DATA PROVIDED Start Marker

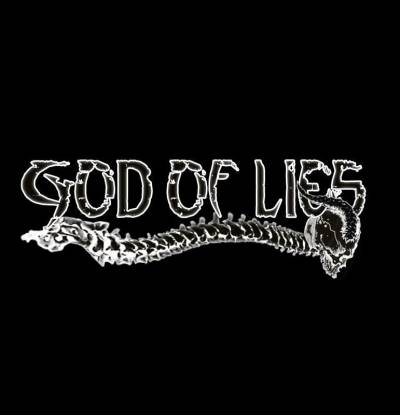 logo God Of Lies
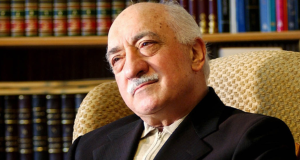 Kyrgyz Scholars and Social Figures about M. Fethullah Gulen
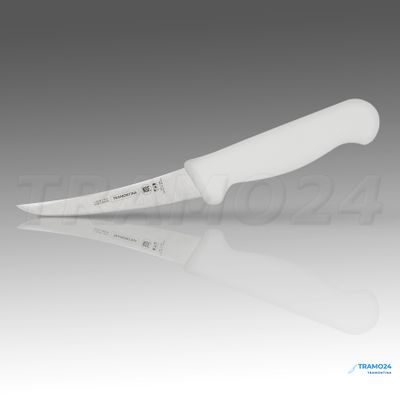 Нож обвалочный (полужёсткий) Professional Master 13 см.  большая рукоять  24511/085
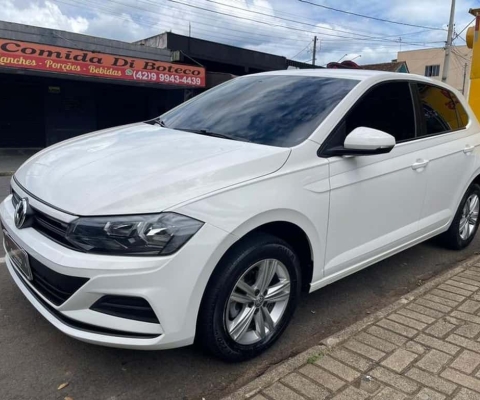 VOLKSWAGEN POLO MCA 2020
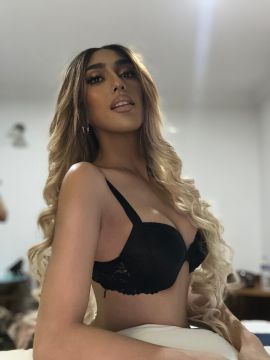 Goddess Thaliana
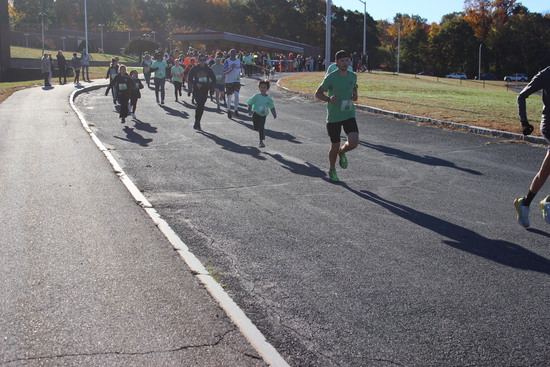 View Start Line in new tab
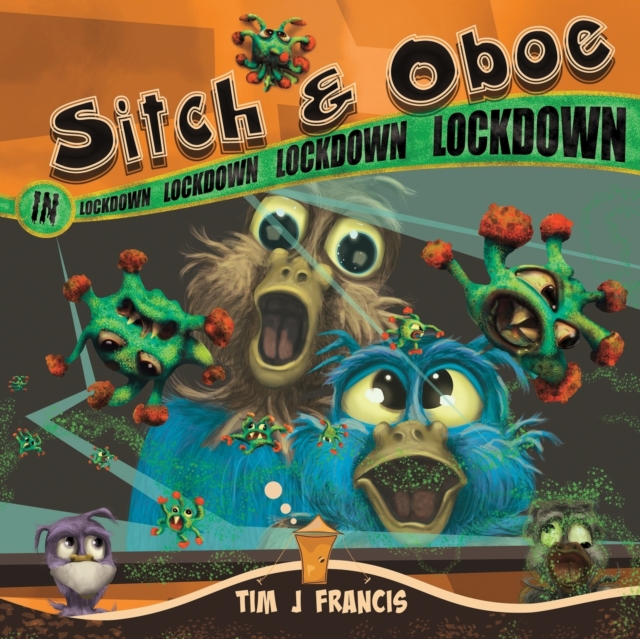Sitch & Oboe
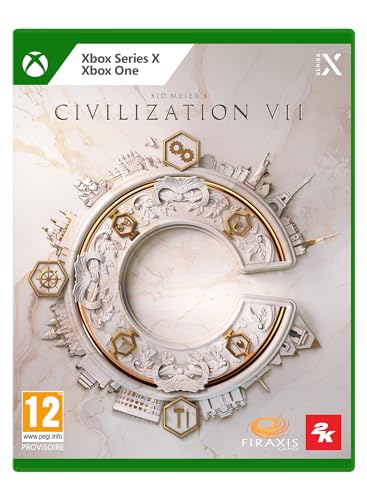 Sid Meier'S Civilization Vii Xbox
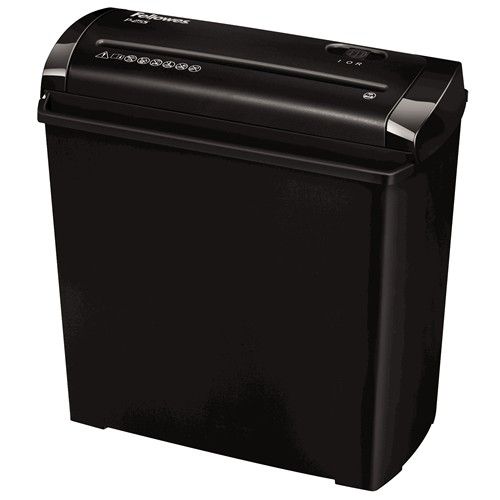 Powershred® P-25S מגרסה ברצועות
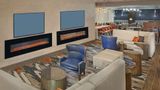 DoubleTree Little Rock Lobby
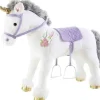 Heunec Kuscheltier  Einhorn | Möbel Höffner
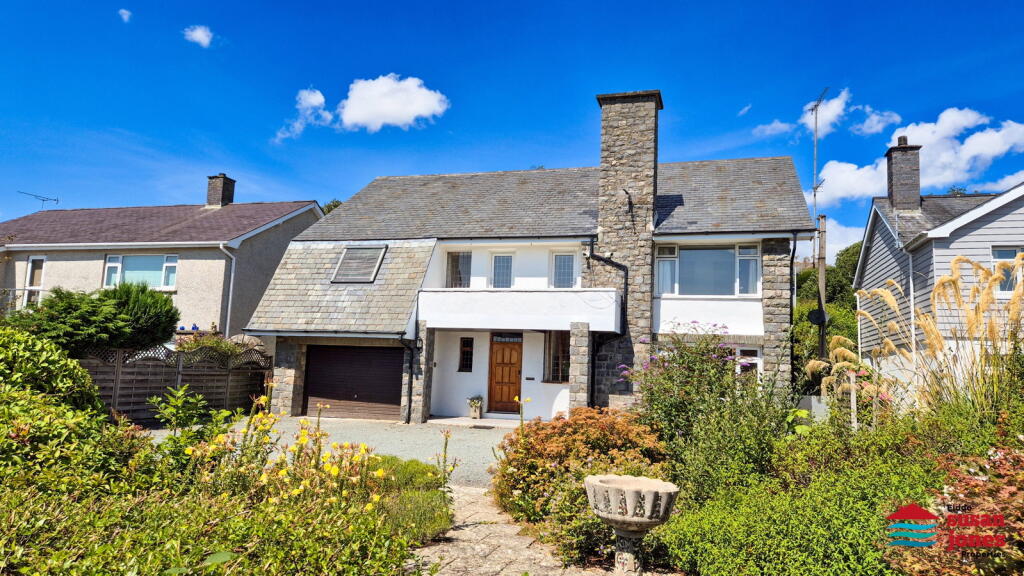 Main image of property: Ala Road, Pwllheli, LL53
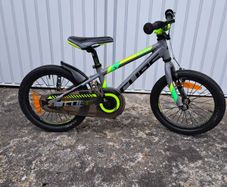 Cube Kid 160 children's bicycle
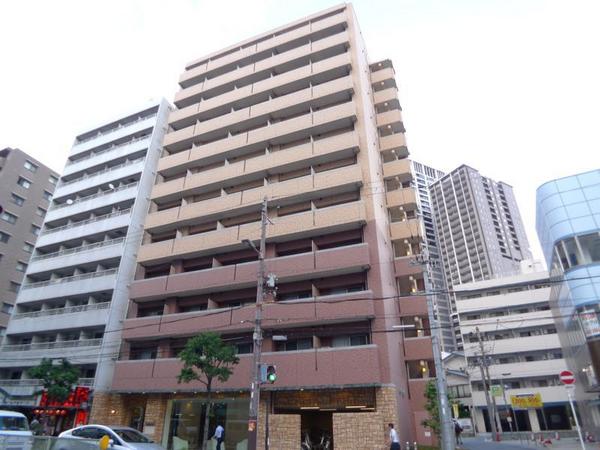 アーバネックス福島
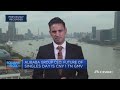 Alibaba Singles Day sales top $30 billion | Squawk Box Europe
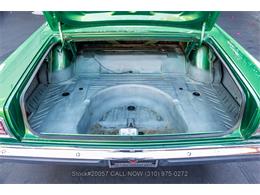 1966 Plymouth Belvedere 2 (CC-2097637) for sale in Beverly Hills, California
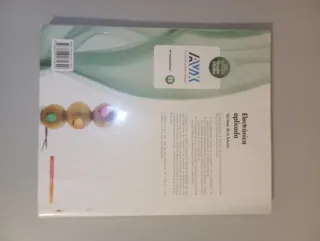 Libro de electrónica aplicada 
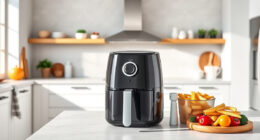 Best COSORI Air Fryer for Families: Top Picks for Spacious Cooking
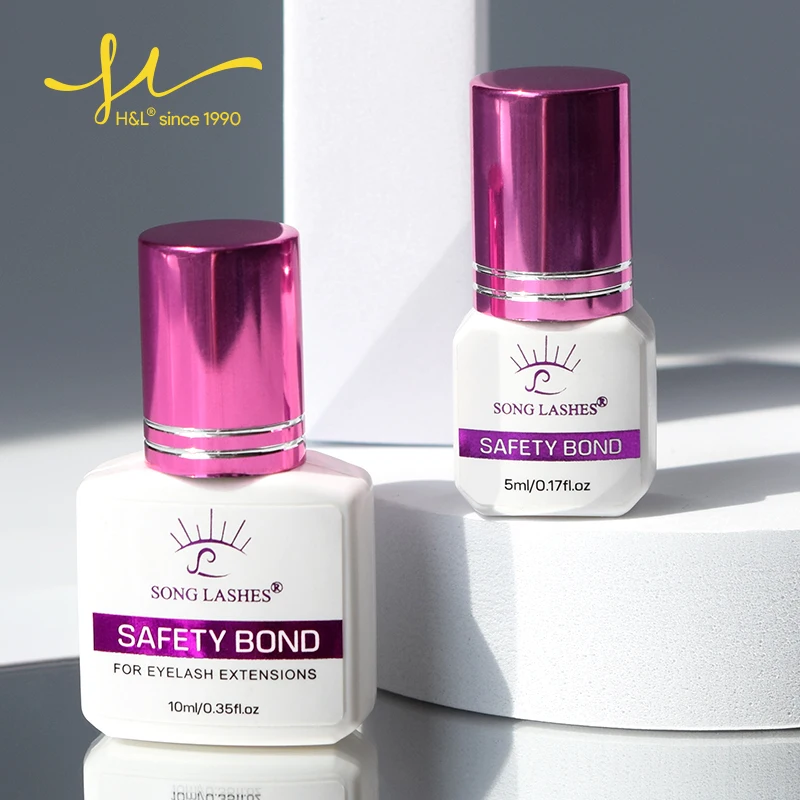 Ресницы для наращивания secFalse 3-5 мл 10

DATA PROVIDED End Marker

INSTRUCTIONS FOR THE TASK ▸ Nothing but the lines above from the line with "Goddess Thaliana" up to and including the line with "Libro de electrónica aplicada" should be returned, exactly as written and without pictures.

REPLY ▸
 Goddess Thaliana
 View Start Line in new tab
Sitch & Oboe
 Sid Meier'S Civilization Vii Xbox
 Powershred® P-25S מגרסה ברצועות
 DoubleTree Little Rock Lobby
 Heunec Kuscheltier  Einhorn | Möbel Höffner
 Main image of property: Ala Road, Pwllheli, LL53
 Cube Kid 160 children's bicycle
 アーバネックス福島
 Alibaba Singles Day sales top $30 billion | Squawk Box Europe
 1966 Plymouth Belvedere 2 (CC-2097637) for sale in Beverly Hills, California
 Libro de electrónica aplicada 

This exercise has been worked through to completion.